-- Data --
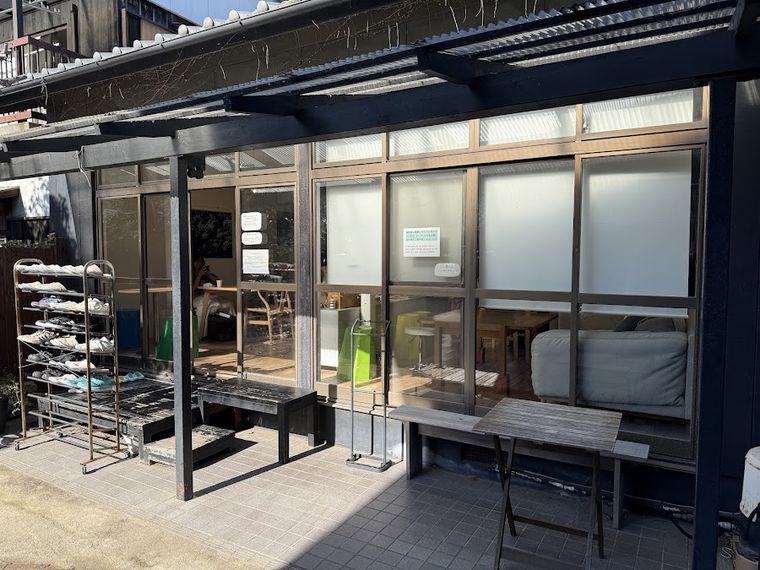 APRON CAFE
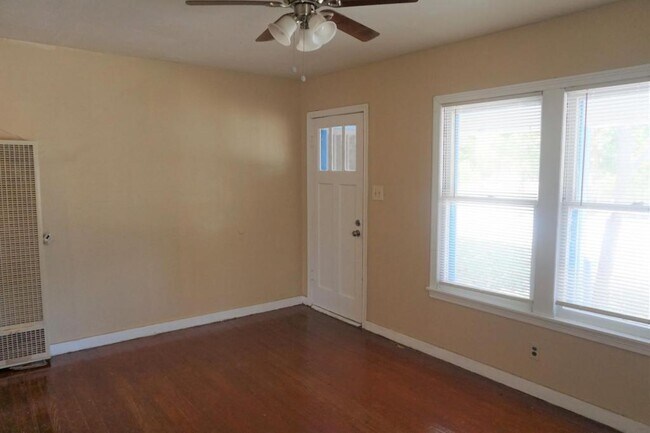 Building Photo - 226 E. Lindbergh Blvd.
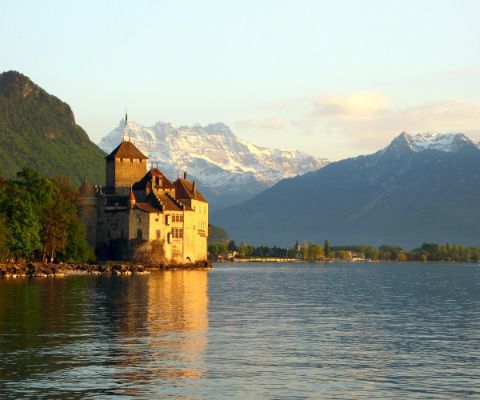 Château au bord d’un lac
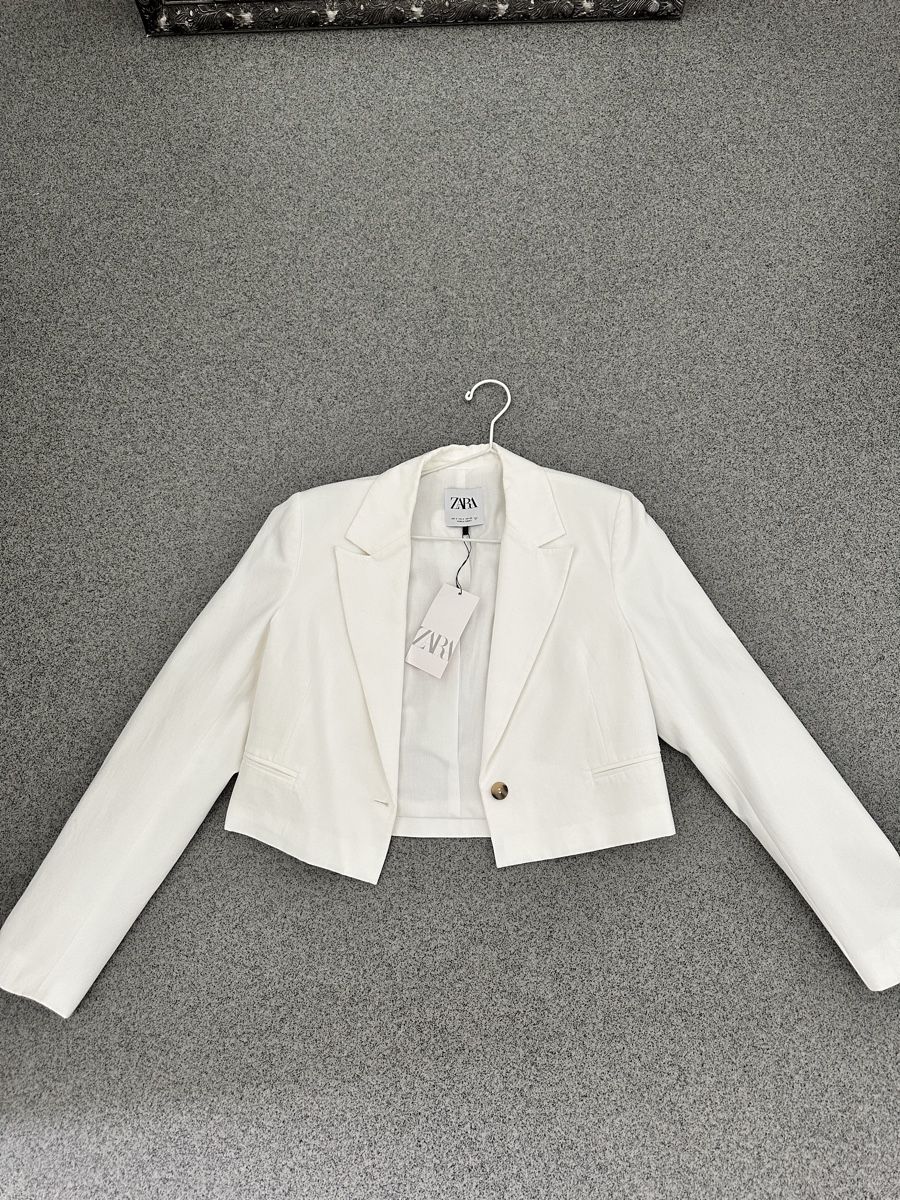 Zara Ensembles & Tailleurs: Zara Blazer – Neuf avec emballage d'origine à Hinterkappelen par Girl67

--

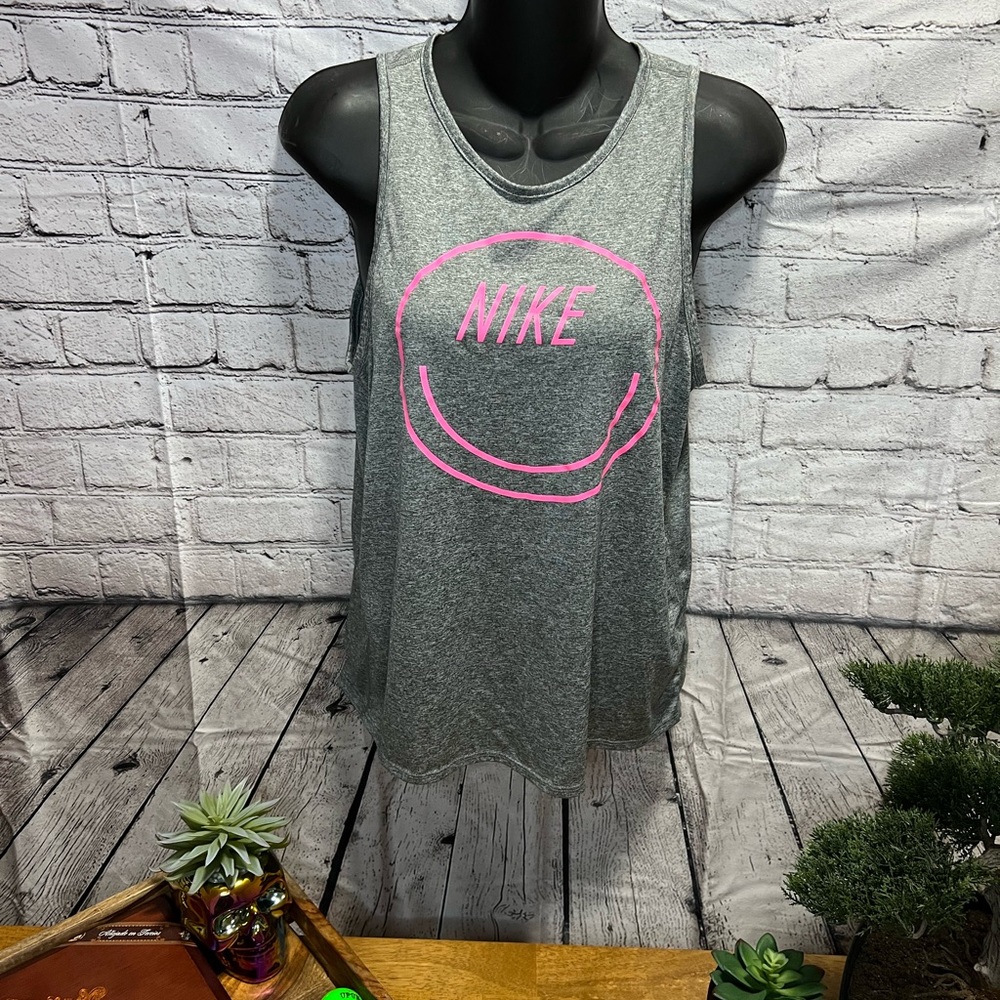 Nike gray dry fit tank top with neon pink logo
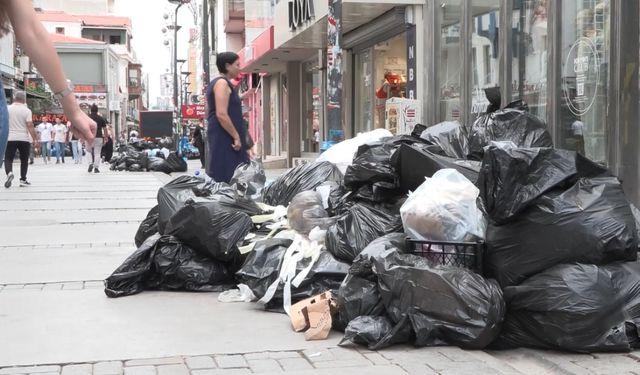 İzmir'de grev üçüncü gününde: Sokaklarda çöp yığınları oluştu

-- Task description --
Make an exact copy of the lines above, beginning with the line with "Château au bord d’un lac" and ending with the line with "Zara Ensembles &", and keep the pictures out of it.

-- Response area --
 Château au bord d’un lac
 Zara Ensembles & Tailleurs: Zara Blazer – Neuf avec emballage d'origine à Hinterkappelen par Girl67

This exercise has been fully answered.